Virality as a means to get even

marlaALL’S WELL that ends well, but sometimes, it goes viral.

The power of social media has changed the way we do things—from connecting with the people we love to the way we do work and everything else in between.

With what looks like just mish-mashed interactions online gave rise to what it means to go “viral,” and as author Karine Nahon puts it, “In this new information ecosystem, an individual can share information that can flash across our digitally-supported social networks with a speed and reach never before available to a vast majority of people.”

As such, given this emergent phenomenon at our disposal, we have seen one too many instances in which going viral has been used not just to entertain, but also to shed light on issues that matter (or not).

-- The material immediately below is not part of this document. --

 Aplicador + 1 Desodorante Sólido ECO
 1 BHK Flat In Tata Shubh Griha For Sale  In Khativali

People take to social media what they think they cannot take elsewhere. People who view social media as a safe space to voice their concerns find power within their hands—a power to share their story and gain sympathy from like-minded individuals connected to them only by the power of “share.”

But sometimes, it gets messy.

We have seen one too many instances in which people who experienced injustices and bad circumstances take their grievances to social media, may it be a traffic altercation gone bad or untoward sexual advances in public transport.

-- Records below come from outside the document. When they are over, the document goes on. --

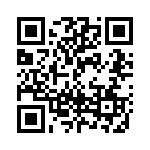 AN78L20M QRCode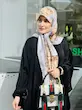 ورساچ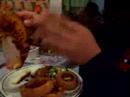 usdhf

People pour in their unsolicited advice and their sympathies to users who post such things, and with that also comes an outpour of “shares,” as more and more users relate to the post, or refer it to people who they know could use a good heads up.

For instance, a girl who was reportedly harassed inside an FX on her way home took to Twitter her story months before it resurfaced and went viral via her brother’s Facebook post. It has gained both sympathy and notoriety ever since, with all parties involved choosing to remain mum on the issue as the case takes its due course.

In the comments section of the original post, users went on comment frenzy, with some even saying that going viral does not equate to getting even—as it proves to be unfair to the man who allegedly sexually harassed the girl inside the FX, as the “Social Media Supreme Court” already laid down its judgment.

The story appealed and appalled many social media users, and as the plot thickens, we put into perspective how much power virality wields—that people have taken it upon themselves to seek justice where it is neither gained nor found.

It is undeniable that the girl’s story (or, should I say, her brother’s narrative) going viral led people

to issues often glossed over—sexual harassment, women’s safety in public transport, university regulations, and many more.

It has raised immense awareness to causes that advocate for women’s safety, and for institutions to recognize how important it is to make the country a safer and more secure place for women, with an apparent lack thereof.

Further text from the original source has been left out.